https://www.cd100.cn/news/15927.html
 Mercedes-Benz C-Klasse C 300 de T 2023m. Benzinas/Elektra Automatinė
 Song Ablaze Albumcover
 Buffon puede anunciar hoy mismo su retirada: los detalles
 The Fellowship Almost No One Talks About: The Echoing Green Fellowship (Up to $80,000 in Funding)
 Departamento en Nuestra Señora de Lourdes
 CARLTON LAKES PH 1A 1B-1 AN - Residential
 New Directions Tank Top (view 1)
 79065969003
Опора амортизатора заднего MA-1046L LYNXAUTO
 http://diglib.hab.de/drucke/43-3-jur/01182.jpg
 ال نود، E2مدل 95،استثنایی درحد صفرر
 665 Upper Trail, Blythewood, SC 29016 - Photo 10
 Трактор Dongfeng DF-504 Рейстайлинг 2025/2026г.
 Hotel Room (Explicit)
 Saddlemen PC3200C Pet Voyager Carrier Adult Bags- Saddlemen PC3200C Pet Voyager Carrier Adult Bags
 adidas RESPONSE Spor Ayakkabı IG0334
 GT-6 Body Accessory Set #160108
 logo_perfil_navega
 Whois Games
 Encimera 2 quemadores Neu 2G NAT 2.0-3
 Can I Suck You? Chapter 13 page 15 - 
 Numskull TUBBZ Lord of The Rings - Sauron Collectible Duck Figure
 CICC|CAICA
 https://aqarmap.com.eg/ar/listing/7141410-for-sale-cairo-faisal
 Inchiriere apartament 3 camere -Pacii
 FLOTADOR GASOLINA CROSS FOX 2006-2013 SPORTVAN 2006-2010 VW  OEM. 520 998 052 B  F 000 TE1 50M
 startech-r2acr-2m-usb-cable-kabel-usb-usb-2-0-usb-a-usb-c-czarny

○ ○ ○ ○ ○ ○ ○

◆ Exercise description ◆
Count the lines of the material that contain the word "https" and state the resulting number without further remark.

◆ Answer box ◆
2